A stretch of the entries below is to be set down exactly, running from the line with "Funko POP! Pokémon: Sprigatito" through the line with "1997 Toyota Tacoma", both included, and no other line.
Start of DATASET EXCERPTS
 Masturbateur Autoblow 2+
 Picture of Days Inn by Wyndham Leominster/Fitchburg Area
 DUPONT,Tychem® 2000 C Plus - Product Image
End of DATASET EXCERPTS
Start of DATASET EXCERPTS
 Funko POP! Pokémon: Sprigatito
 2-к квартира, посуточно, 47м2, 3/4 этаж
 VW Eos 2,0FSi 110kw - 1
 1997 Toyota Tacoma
End of DATASET EXCERPTS
TASK OUTPUT.
 Funko POP! Pokémon: Sprigatito
 2-к квартира, посуточно, 47м2, 3/4 этаж
 VW Eos 2,0FSi 110kw - 1
 1997 Toyota Tacoma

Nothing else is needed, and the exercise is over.